■ **EXERCISE DETAILS**: Using the material below, print the line that contains "V1015 Photo Frame", the line that contains "ODBOJKA _ 2023", and every line in between, exactly and nothing else.

■ **GIVEN RECORDS**:
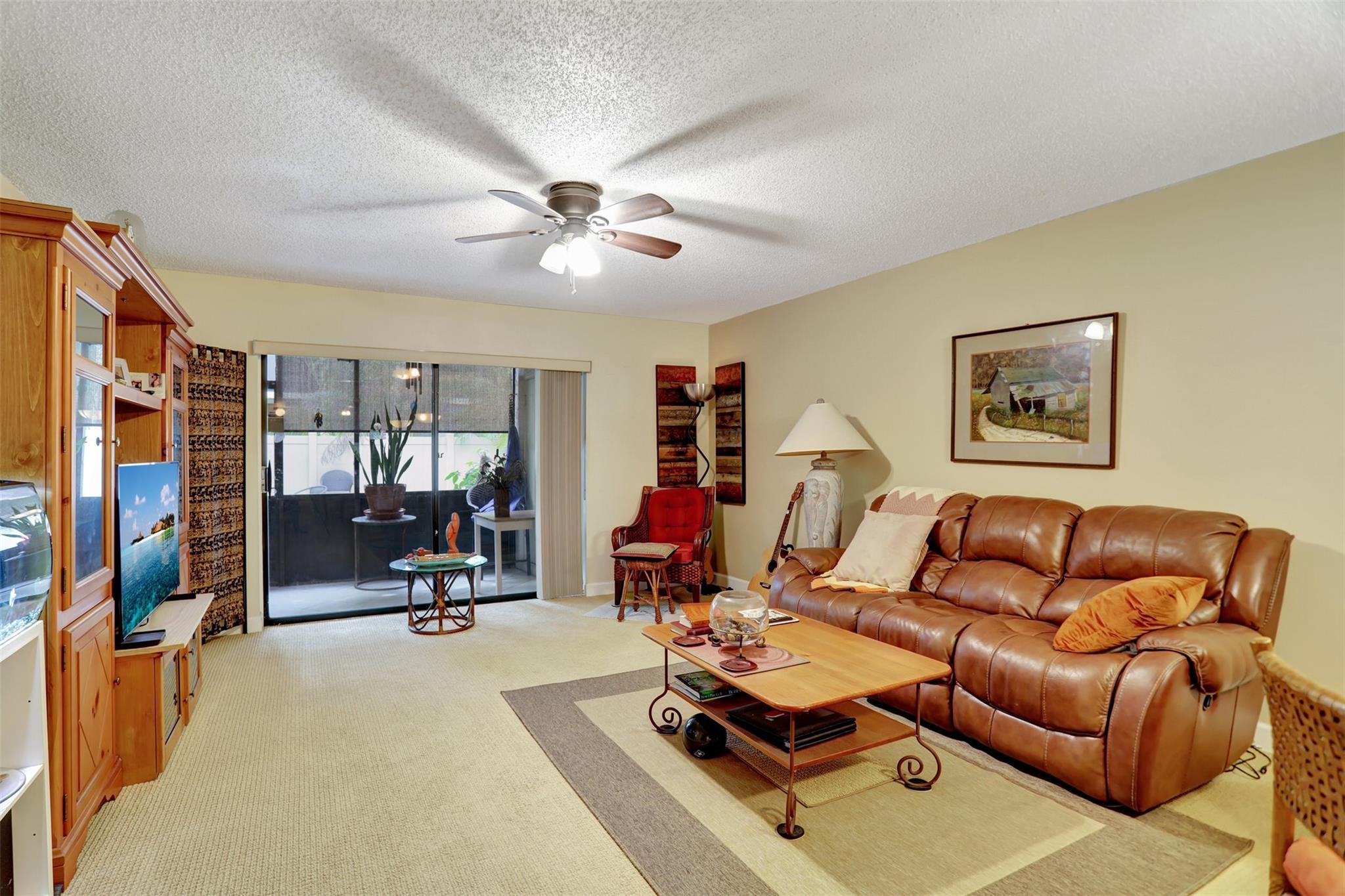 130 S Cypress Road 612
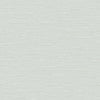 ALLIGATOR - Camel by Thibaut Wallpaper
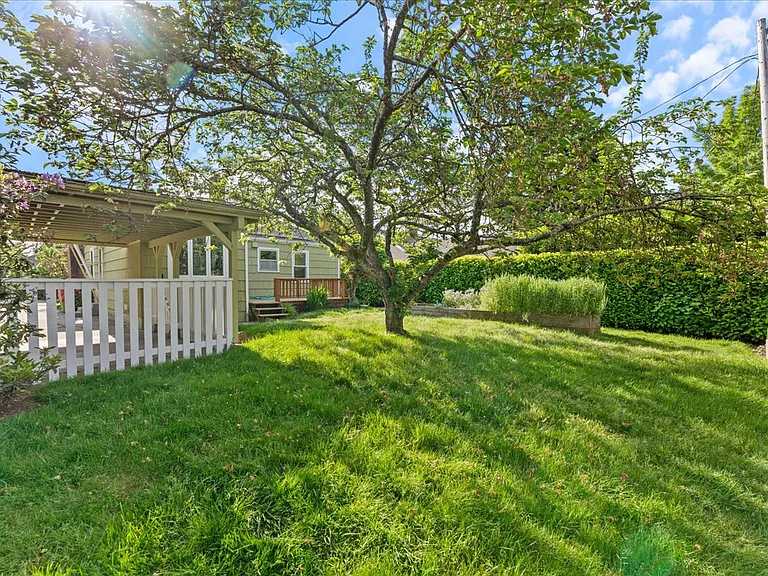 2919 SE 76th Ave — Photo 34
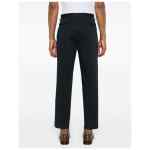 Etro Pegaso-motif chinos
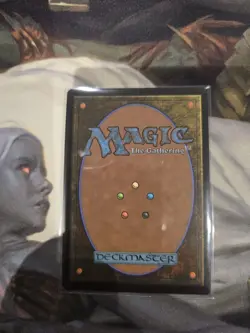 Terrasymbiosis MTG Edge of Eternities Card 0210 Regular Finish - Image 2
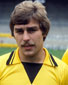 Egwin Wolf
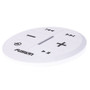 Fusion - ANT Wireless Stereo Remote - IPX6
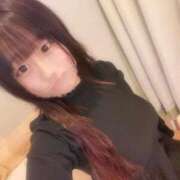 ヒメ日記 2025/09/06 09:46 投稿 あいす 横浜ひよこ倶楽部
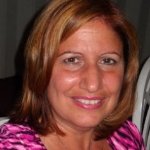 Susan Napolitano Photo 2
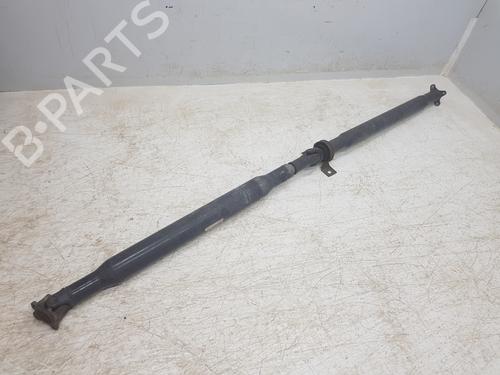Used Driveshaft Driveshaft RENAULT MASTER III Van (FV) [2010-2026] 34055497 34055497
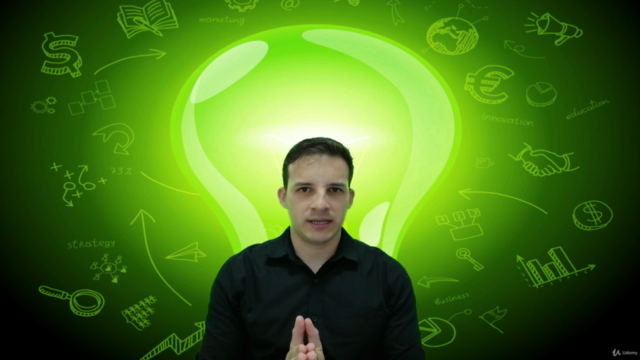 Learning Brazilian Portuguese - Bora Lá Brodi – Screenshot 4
--
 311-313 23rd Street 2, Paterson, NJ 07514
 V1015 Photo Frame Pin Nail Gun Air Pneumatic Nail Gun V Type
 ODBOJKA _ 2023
==
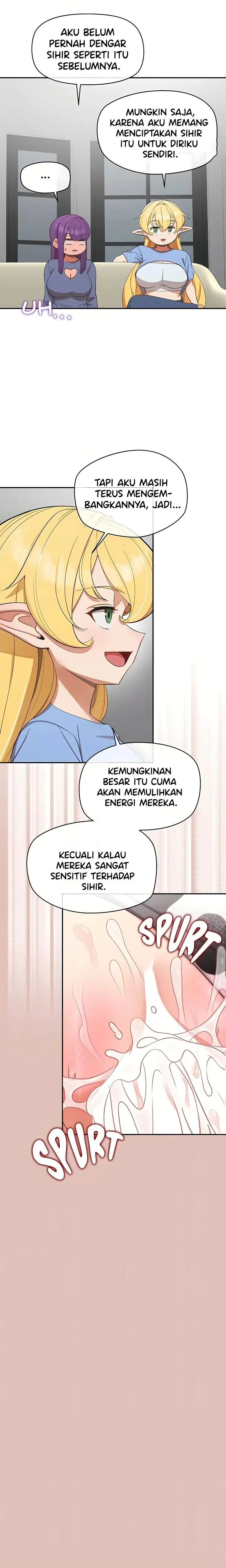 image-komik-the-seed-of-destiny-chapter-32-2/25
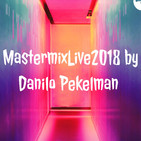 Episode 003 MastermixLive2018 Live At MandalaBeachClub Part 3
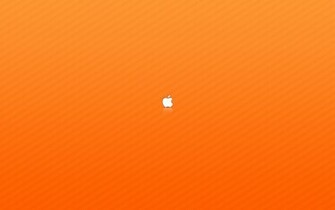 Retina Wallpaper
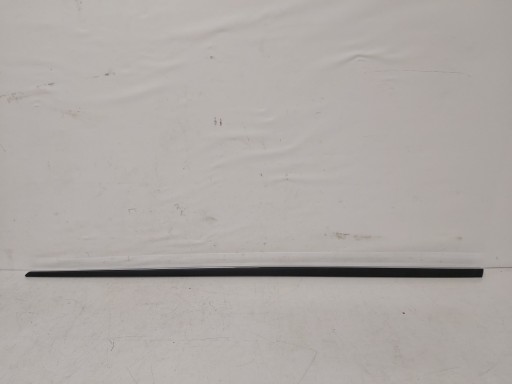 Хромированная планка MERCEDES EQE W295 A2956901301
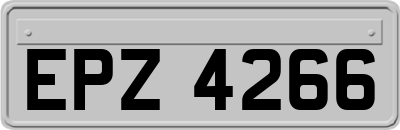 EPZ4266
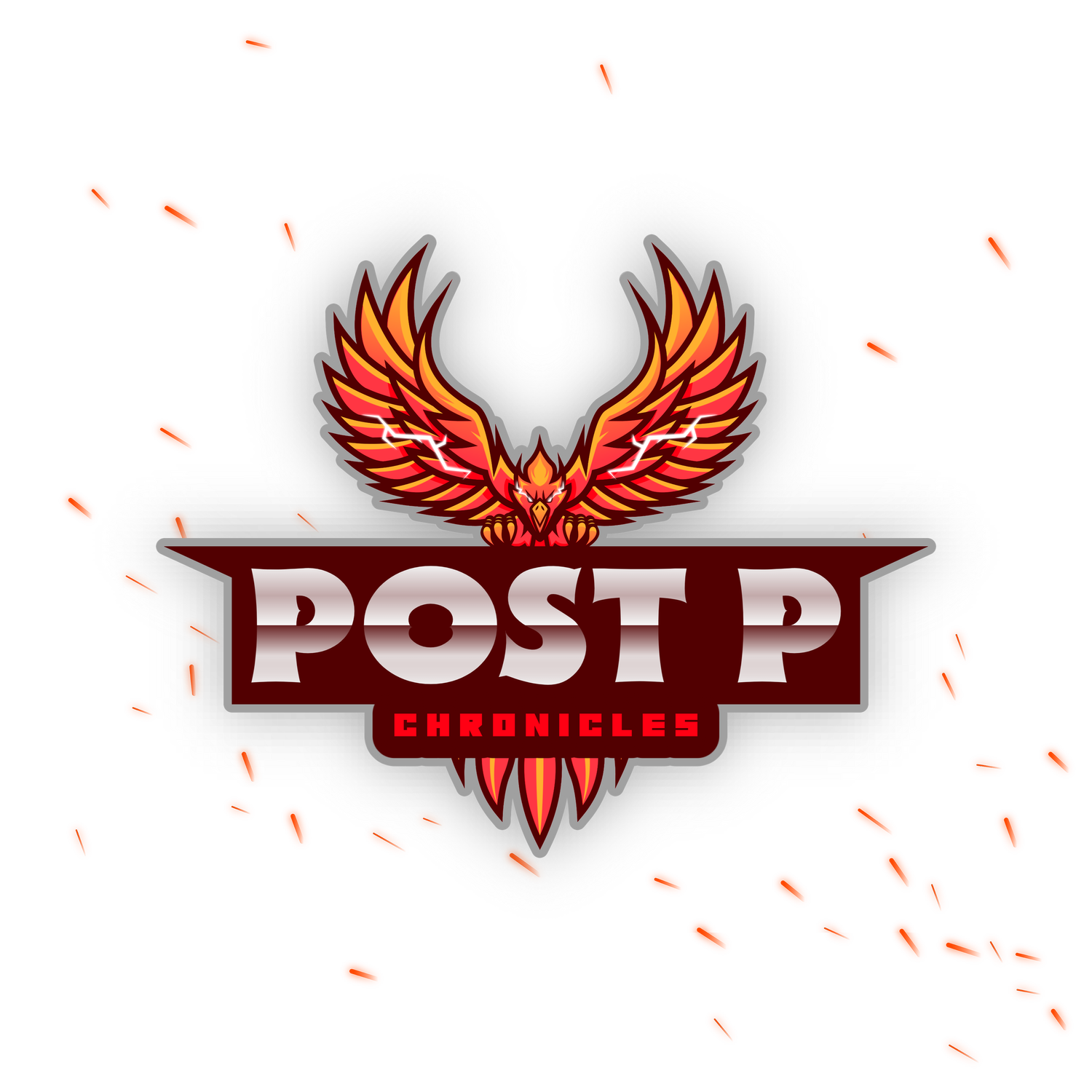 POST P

■ **RESULT**:
 V1015 Photo Frame Pin Nail Gun Air Pneumatic Nail Gun V Type
 ODBOJKA _ 2023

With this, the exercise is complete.